Wednesday, November 01, 2006

Pimp my Bookcart


Part of what I do with this blog is inform my readers of the goings-on in the library world, so today I'm happy to report that Overdue Media's Pimp My Bookcart competition is just around the corner. Are you ready?

Monday, October 23, 2006

Good thing I'm a pipe smoker

American ingenuity and trailer park wisdom have long told us that household items such as duct tape, super glue, JB Weld, and bubble gum hold unfathomable potential to fix anything. Well, now you can add one more such household item to that list: pipe cleaners.

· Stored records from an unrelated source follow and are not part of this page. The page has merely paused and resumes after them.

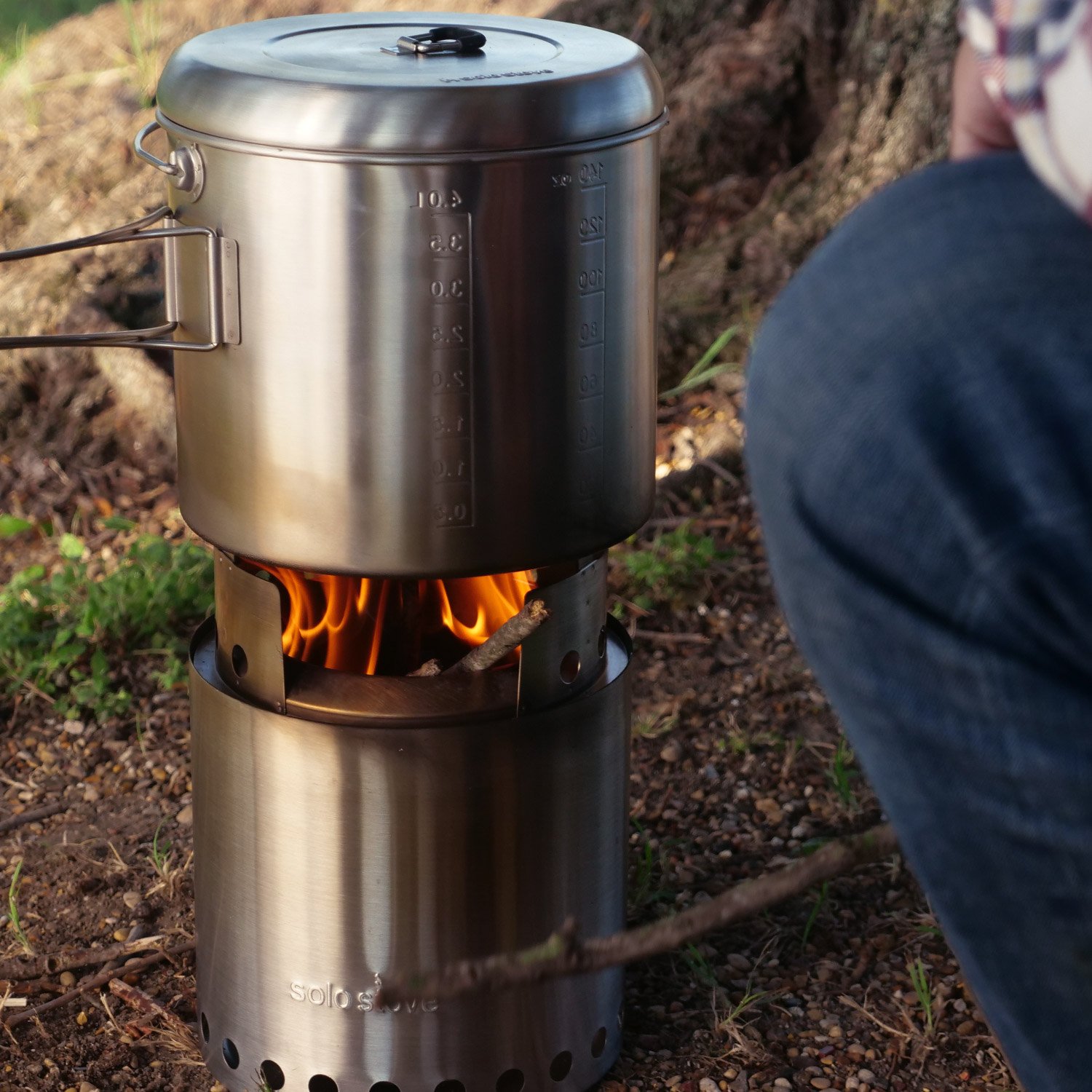 Solo Stove Pot 4000 - Premium Stainless Steel Camping Cookware for Outdoor Adventures | Backpacking, Bushcraft & Survival Cooking Gear | Perfect for Campfires, Hiking & Emergency Preparedness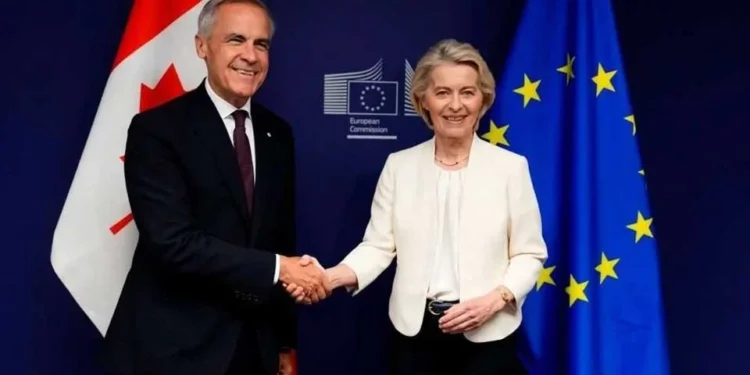 Ursula von der Leyen propone a Canadá ser el primer "miembro asociado" de la Unión Europea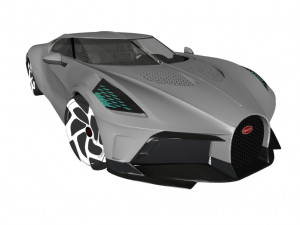2019 bugatti la voiture noire 3D 모델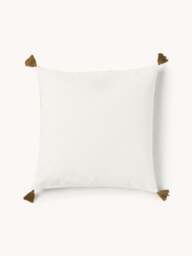 Hand-Painted Cotton Cushion Cover Tropical - thumbnail 2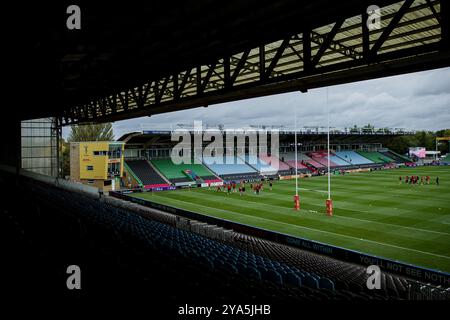 Londres, Royaume-Uni. 12 octobre 2024. Londres, Angleterre, 12 octobre 2024 : stade avant le match de rugby féminin entre Harlequins et Gloucester-Hartpury au Twickenham Stoop à Londres, en Angleterre. (Pedro Porru/SPP) crédit : SPP Sport Press photo. /Alamy Live News Banque D'Images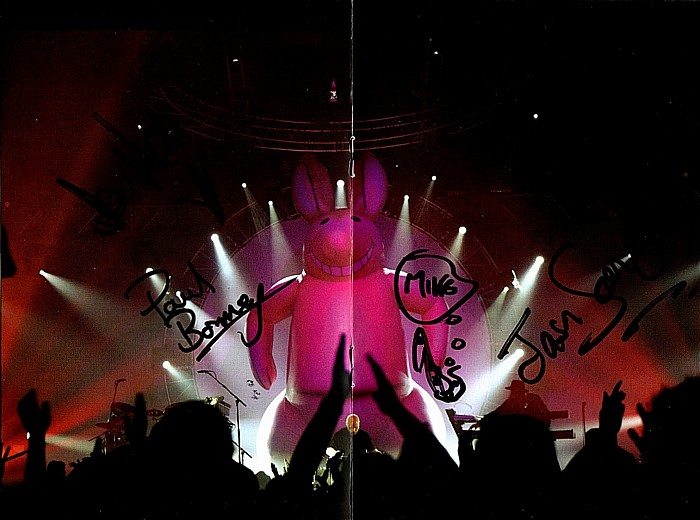 Tonhalle: The Australian Pink Floyd Show München Autogramme von Mitgliedern der Australian Pink Floyd Show: Steve Mac, Paul Monney, Michael Kidson, Jason Sawford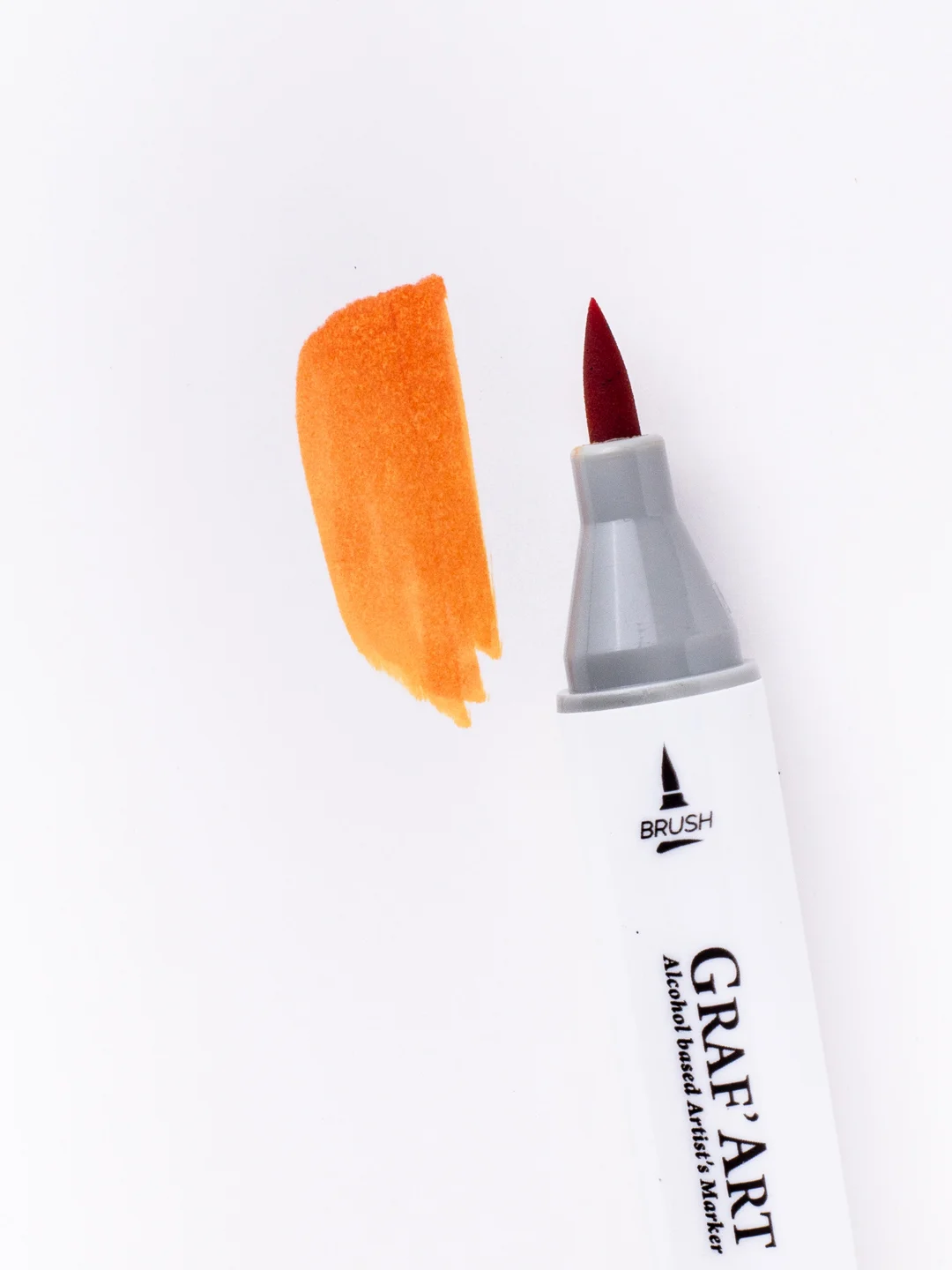 Маркер спиртовой Малевичъ GrafArt Brush, Оттенки оранжевого, 1 шт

I was driving home from Dallas today, about thirty miles from home, when my accelerator cable snapped, meaning the gas pedal fell to the floor, but the car wasn't going anywhere. I pushed the car into an empty lot at Mockingbird and I35, where I sat basically hopeless. I called my mechanic to consult, and he didn't have any ideas. "I don't even think duct tape can fix that one," he said. I've long referred to him as kind of a philosopher-mechanic.

Then I started thinking about my neighbor and fellow Beetle owner, who often talks about VW engineering and its foundation in WWII German military vehicles. The cars were basically engineered to be fixable on the battlefield. The engine, for example, can be removed and reinstalled in a matter of minutes. It's held onto the frame by four bolts (or in my case, three...). So I decided that it was time to stop thinking like a civilian and adopt a certain battlefield mentality. That's right, for the first time in my life--and, God, I hope the last--I started thinking like a Nazi. Pretending that bullets were flying past, I got busy.

I found a couple old, used pipe cleaners under the seat, bent back the broken end of the existing cable, and tied it back to the gas pedal with the pipe cleaners. That worked, and a lot better than any amount of duct tape could have.

I drove to my mechanic's house, where we installed a new cable. In one of his lucidly philosophic moments, he assured me that I was "gooder than shit" and sent me on my way.